Look below for the line that contains "this 450×320 image.", then copy it and each following line to the end of the records, minus any pictures.
[[ MATERIAL PROVIDED, beginning ]]
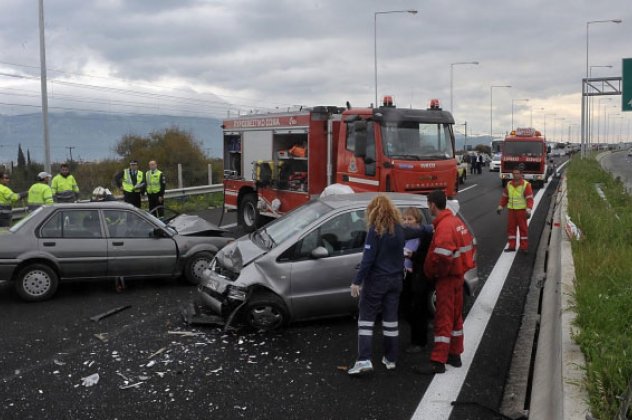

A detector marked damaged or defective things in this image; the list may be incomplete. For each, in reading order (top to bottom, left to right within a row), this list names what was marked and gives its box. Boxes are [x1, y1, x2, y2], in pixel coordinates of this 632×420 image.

crushed car hood [168, 213, 227, 236]
damaged silver car [198, 192, 478, 330]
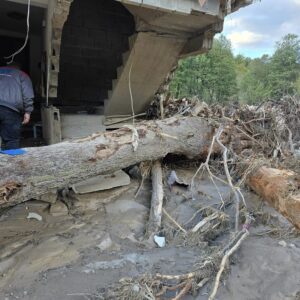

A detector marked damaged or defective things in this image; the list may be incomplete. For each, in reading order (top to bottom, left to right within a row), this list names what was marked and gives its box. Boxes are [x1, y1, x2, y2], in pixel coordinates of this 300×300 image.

broken concrete slab [72, 170, 131, 193]
broken concrete slab [49, 200, 68, 217]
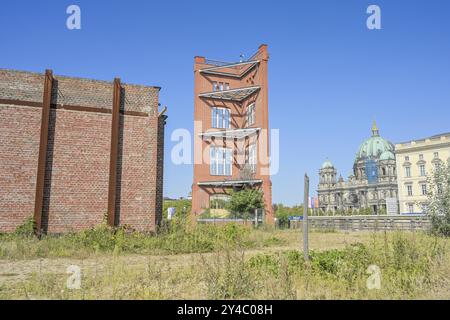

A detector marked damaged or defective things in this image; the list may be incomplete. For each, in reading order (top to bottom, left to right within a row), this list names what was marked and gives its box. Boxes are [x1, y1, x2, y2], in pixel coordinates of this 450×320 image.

rusty metal beam [33, 69, 53, 235]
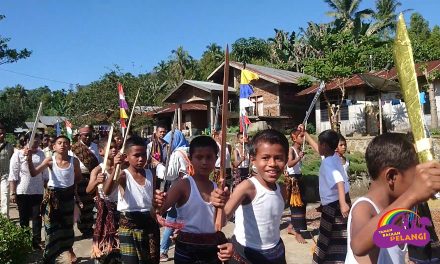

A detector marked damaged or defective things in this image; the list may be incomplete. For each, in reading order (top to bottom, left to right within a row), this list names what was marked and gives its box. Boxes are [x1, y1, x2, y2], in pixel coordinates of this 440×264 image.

rusty metal roof [208, 61, 312, 84]
rusty metal roof [298, 59, 440, 96]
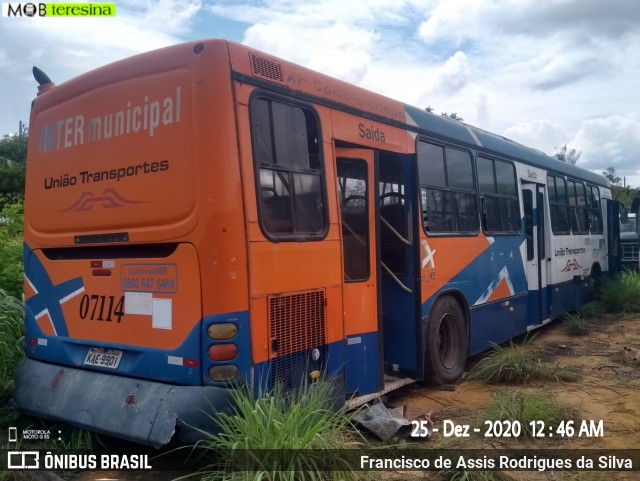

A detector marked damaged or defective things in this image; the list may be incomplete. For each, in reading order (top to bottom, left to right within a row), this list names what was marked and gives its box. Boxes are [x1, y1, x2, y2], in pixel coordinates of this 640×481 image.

damaged bumper [10, 356, 234, 446]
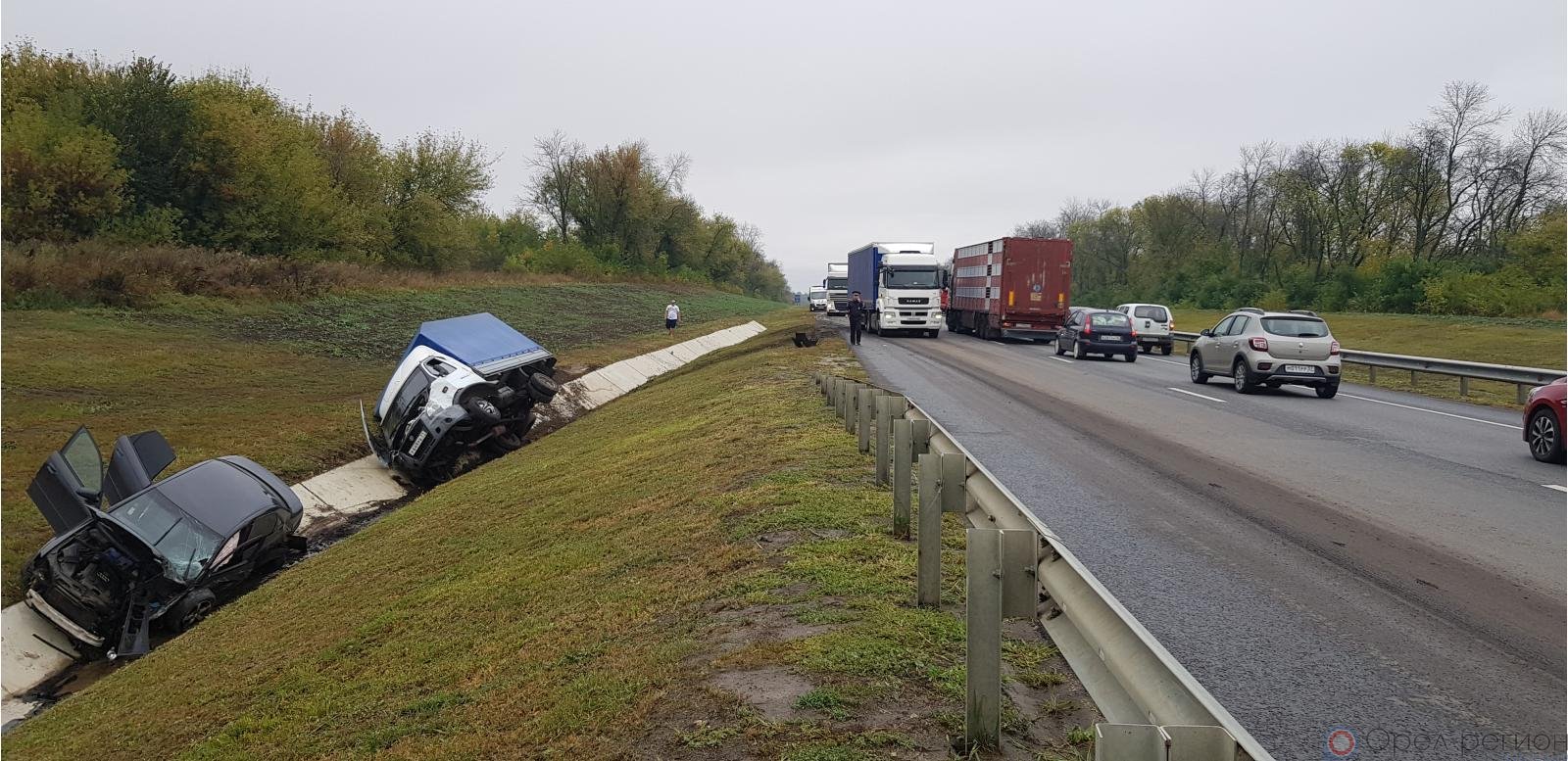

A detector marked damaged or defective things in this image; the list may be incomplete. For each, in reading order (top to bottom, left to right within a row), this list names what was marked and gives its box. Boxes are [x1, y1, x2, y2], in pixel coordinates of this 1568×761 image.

overturned white truck [365, 313, 561, 482]
crashed black audi [365, 311, 561, 484]
crashed black audi [20, 425, 304, 654]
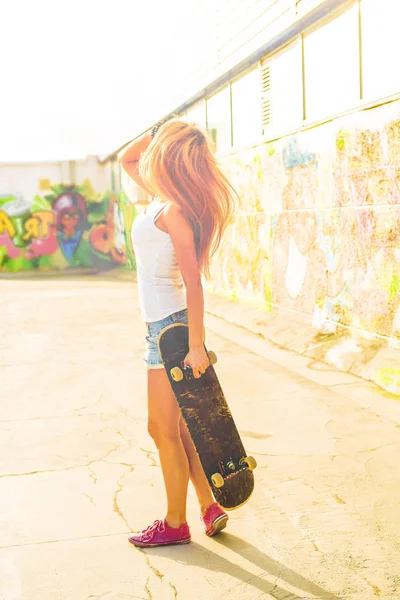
[[ MATERIAL PROVIDED, end ]]
_COMPLETED EXERCISE:_
A detector marked damaged or defective things in this image; the list may be incomplete. For each, in reading order (top to bottom, left to right within a row), this list names what was marked and gives its box. Boxes are [x1, y1, x2, y2], in pixel coordinates of this 450×320 image.

rusty metal beam [33, 69, 53, 235]

A detector marked damaged or defective things in this image; the list may be incomplete. For each, in reading order (top to bottom, left to right within a row), this list names what was marked and gives its box. Boxes are [x1, y1, x2, y2], in pixel coordinates of this 440×264 image.

rusty metal roof [208, 61, 312, 84]
rusty metal roof [298, 59, 440, 96]

A detector marked damaged or defective things in this image; the list may be incomplete. For each, in reading order (top to bottom, left to right within a row), this list names what was marked and gives its box. Boxes are [x1, y1, x2, y2], in pixel coordinates of this 640×481 image.

damaged bumper [10, 356, 234, 446]

A detector marked damaged or defective things in this image; the list may be incomplete. For each, in reading order (top to bottom, left to right within a row), this list names what was marked and gives its box. Boxes are [x1, y1, x2, y2], in pixel coordinates of this 1568×761 image.

overturned white truck [365, 313, 561, 482]
crashed black audi [365, 311, 561, 484]
crashed black audi [20, 425, 304, 654]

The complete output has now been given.